Es ist ein Artikelgesetz, welches an unzähligen Stellschrauben der wesentlichen Rahmenbedingungen für die Beschäftigung von Drittstaatsangehörigen in Deutschland drehen wird. Diese sind das Gesetz über den Aufenthalt, die Erwerbstätigkeit und die Integration von Ausländern im Bundesgebiet (AufenthG), die Beschäftigungsverordnung (BeschV) und die Aufenthaltsverordnung (AufenthV).
Zusammen mit Dr. Gunther Mävers soll in zwei Teilen eine erste Bestandsaufnahme erfolgen. Während sich der hier vorliegende Teil 1 mit Änderungen zu Verfahrens-, Prozess- und Strukturänderungen befasst, werden die Schwerpunkte von Teil 2 im Bereich der materiell-rechtlichen Änderungen liegen.

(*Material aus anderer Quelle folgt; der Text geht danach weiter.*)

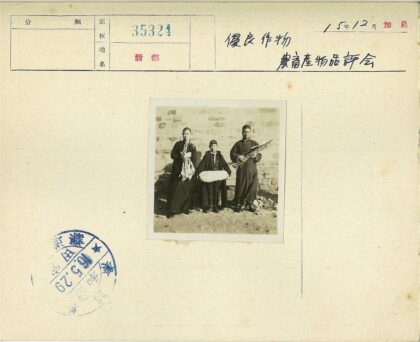 三人持物立于石墙前.jpg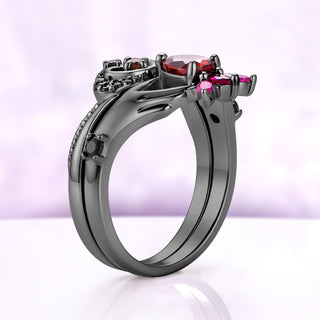 Side profile of the two-piece garnet Claddagh ring set in black ruthenium, the two bands sitting flush with a black onyx on the shoulder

Nach Art. 33 Abs. 1 werden die vorgesehenen Änderungen zu Beginn des 7. Kalendermonats in Kraft treten, der auf die Verkündung folgt. Sollen die Änderungen entsprechend der ausgerufenen Marschroute der Bundesregierung spätestens zum 01.01.2020 in Kraft treten, muss der Gesetzgebungsprozess mit der Verkündung im Bundesgesetzblatt bis Ende Juni 2019 abgeschlossen werden.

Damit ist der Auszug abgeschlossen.